So the solution was that this API would receive the batch of items and post them on an SNS/SQS that will be consumed by another part of the application that then will validate the item and if it’s ok, save it on Dynamo. With this approach, the endpoint that receives the batch of items can answer really fast and we can make the write without relying on the HTTP connection (this is quite important because the communication with Dynamo may fail and try it again could make the HTTP response time really slow). Another benefit is that we can control how fast/slow we want to read the data from SQS and write it on Dynamo by controlling the consumers.
Outside of this workflow, the account-metadata is also called by another service that call it every time that an order is received by the platform, to update some information regarding that order. Given that Ifood does more than 1MM orders per day, the microservices also receive that amount of calls.
While there’s some very heavy write process on it, 95% of its load comes from API calls to read data. As I said, the write and data are done from very different teams, and the read calls are done by many, many teams, and mobile apps.
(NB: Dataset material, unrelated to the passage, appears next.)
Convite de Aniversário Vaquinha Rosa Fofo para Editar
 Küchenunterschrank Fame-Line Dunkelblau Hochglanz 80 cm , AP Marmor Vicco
For our luck, this microservice is much more requested to read data than to write it, so it’s a little bit easier to scale it. As any system that reads a lot of data needs a cache, so does this and instead of using Redis or something like that, AWS provides DAX as “kinda built-in” cache for DynamoDB. To use it you just need to change the client and understand the replication delay that may happen in the different queries operations.
With this amount of calls, it’s quite normal that we get some irregularity. In our case, we started to see some queries in Dynamo taking longer than 2 or 3 seconds, when 99.99% of the calls were under 17ms. Even though they’re just a few thousand per day, we would like to provide a better SLA for the teams. So, we decied to do a retry if we got a timeout from Dynamo. We also talked with teams so they configure a low timeout when calling our APIs. The default for most of their HTTP client was 2s, so we changed to ~100ms. If they get a timeout (let’s say that the microservice did a retry to dynamo but failed again) they can retry and very likely they will get a response.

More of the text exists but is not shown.